Aḥmad ibn Yaḥyā was a 12th-generation descendant of the Zaidī imām ad-Da'i Yusuf (d. 1012). His full name was: al-Mahdī Aḥmad ibn Yaḥyā ibn al-Murtaḍā ibn Aḥmad al-Jawad ibn al-Murtaḍā ibn al-Mufaḍḍal ibn al-Manṣūr ibn al-Mufaḍḍal ibn al-Ḥajjāj ibn Alī ibn Yaḥyā ibn al-Qāsim ibn al-Da'ī Yūsuf.

In 1391, when the elderly imām al-Nasir Muhammad Salah al-Din died, his sons were still minors. The qāḍī, ad-Dawwarī, took temporary administration of the Zaidī domains of highland Yemen, in their name. However, the Zaidi ulema assembled in the Jamal ad-Dīn Mosque in Sanaa and appointed Aḥmad ibn Yaḥyā imām under the title 'al-Mahdī Aḥmad'. The appointment was not recognised by ad-Dawwani, who immediately appointed the deceased imām's son al-Mansur Ali bin Salah ad-Din.
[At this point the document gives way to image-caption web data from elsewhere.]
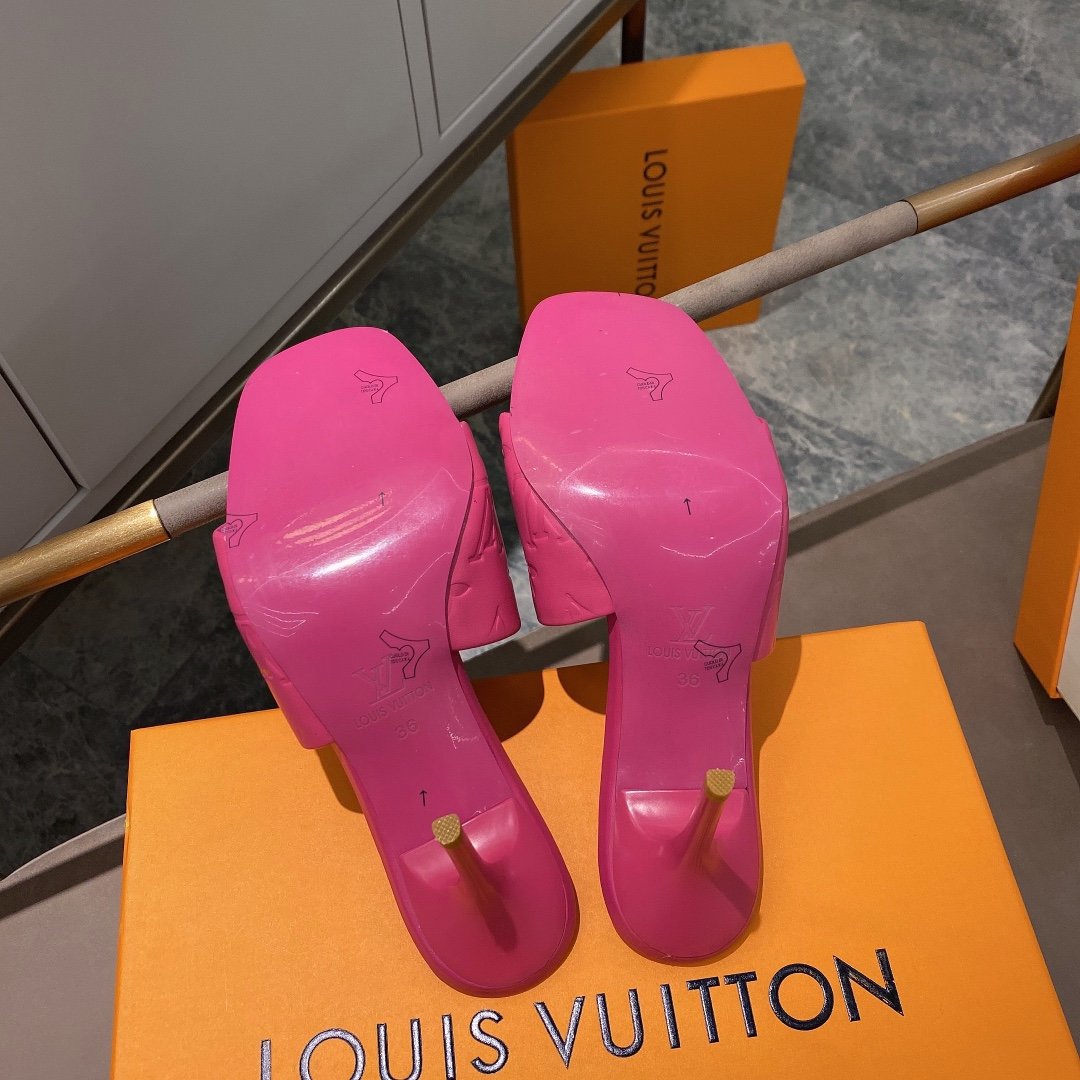 上質 大人気 ルイヴィトン Louis Vuitton サンダル 実物の写真 N品スーパーコピー代引き可能国内発送後払い安全必ず届く信用できるサイト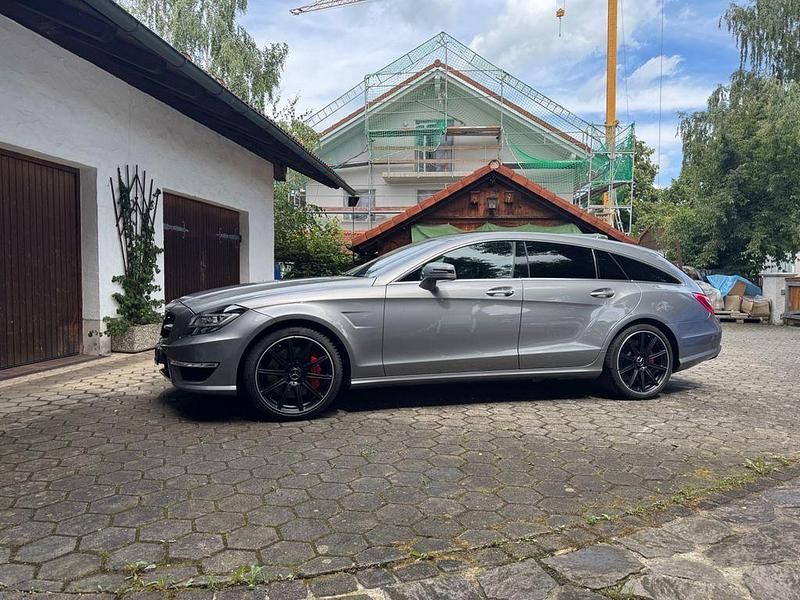 Grau Gebraucht 2013 Mercedes CLS63 AMG Shooting Brake AMG Kombi | 25.500 € (Fairer Preis) - Bild 1/4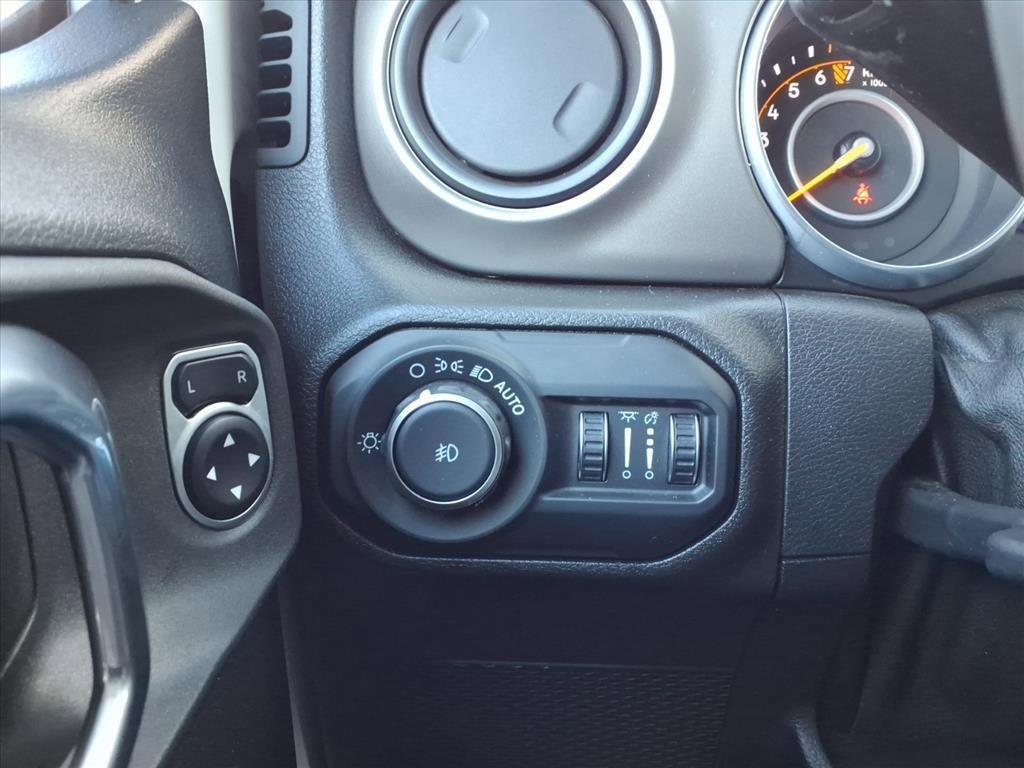 Used 2018 Jeep Wrangler Unlimited Sport S image 35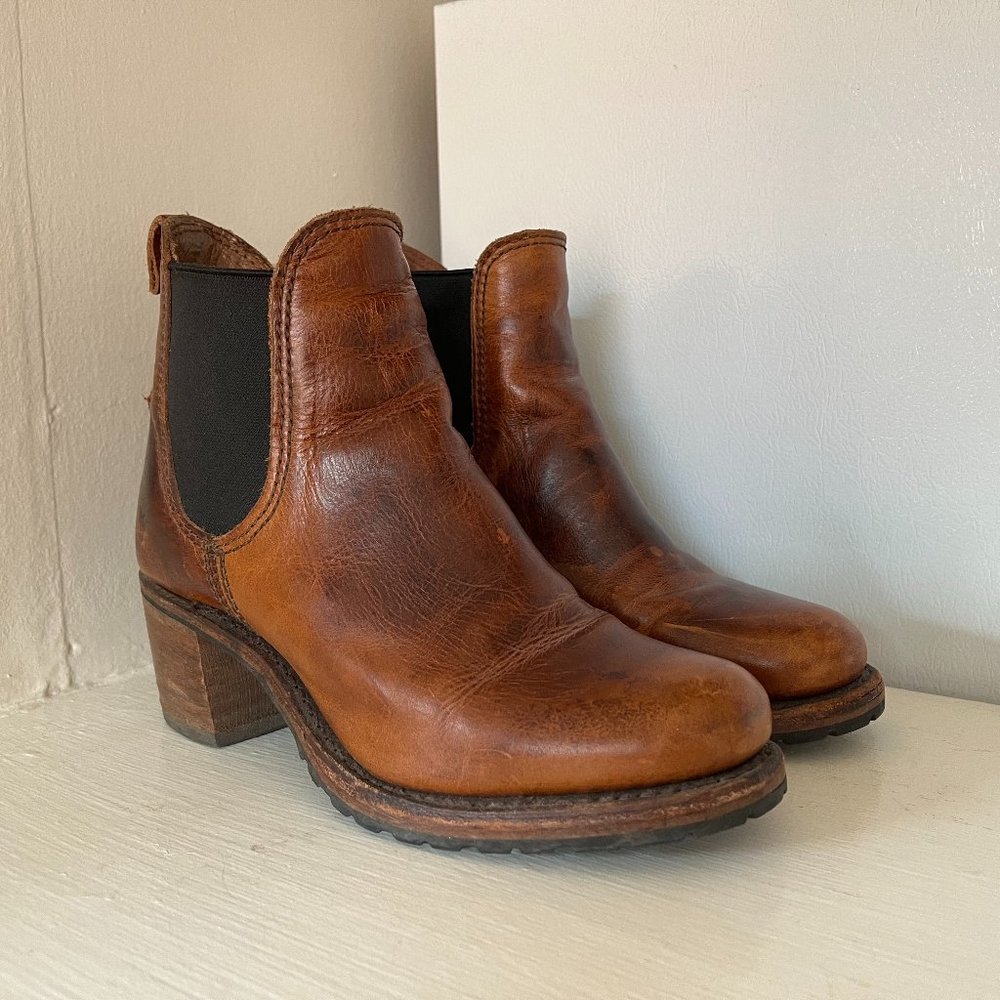 Frye Sabrina Chelsea Boots in Cognac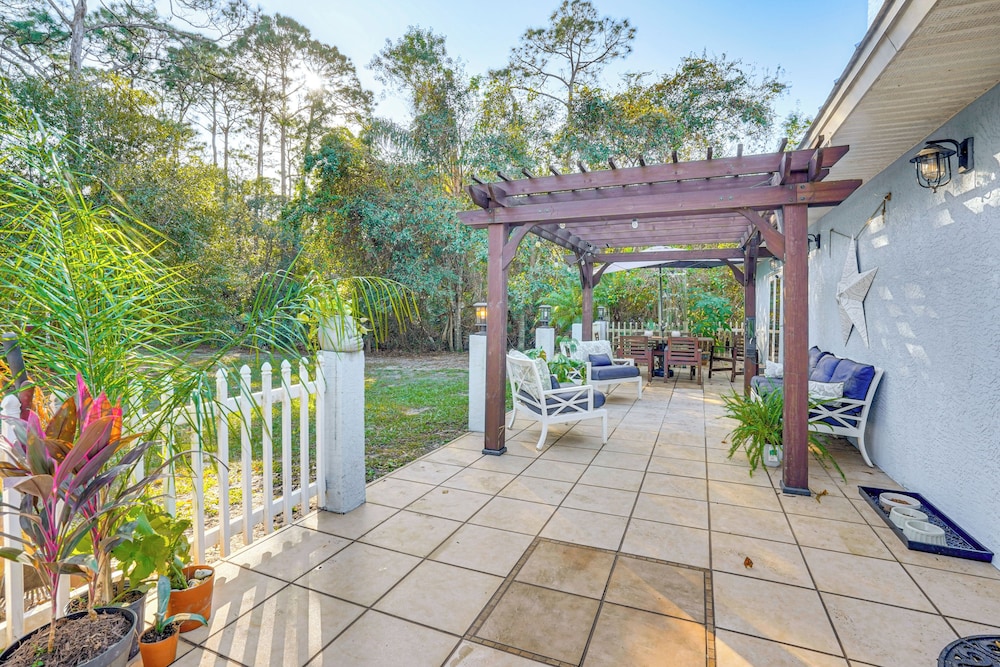 6 Mi to Dtwn: Pet-friendly Retreat in Fort Pierce!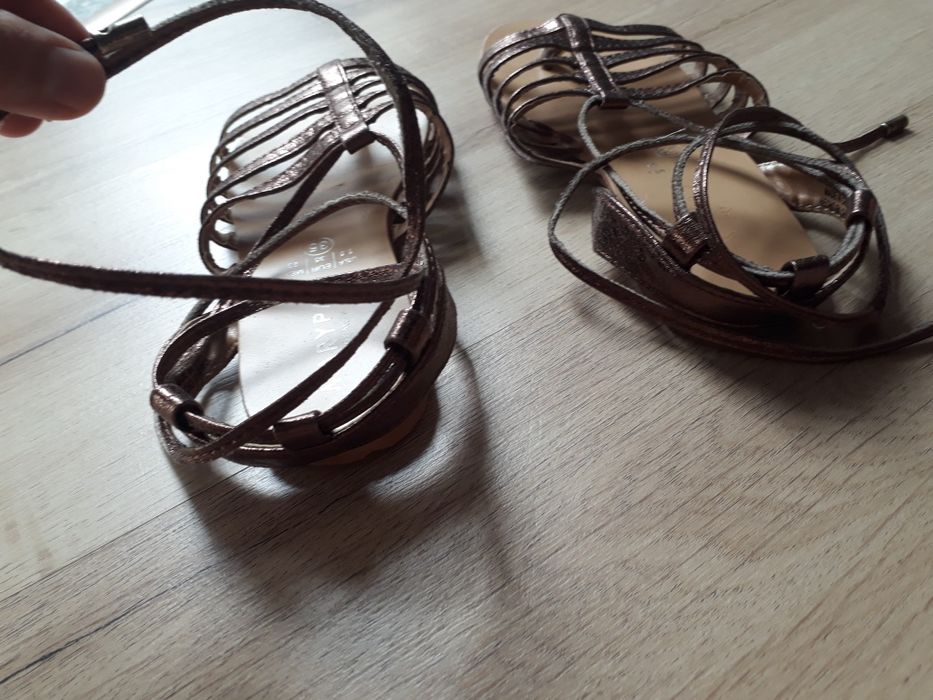 Sandálias marypaz estilo romano bronze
Al-Mahdī Aḥmad and his followers withdrew from Sanaa to Bayt Baws, and for one year the two imāms fought for supremacy. In 1392, al-Mahdī Aḥmad was captured by al-Manṣūr Alī's forces and imprisoned. In 1399, aided by prison guards, the ex-imām escaped to live in privacy until his death from plague in 1436. Although al-Mahdī Aḥmad lacked the requisite administrative and military skills for the Zaydiyyah imamate, he produced a substantial body of writings on dogmatics, logic, poetry, grammar and law.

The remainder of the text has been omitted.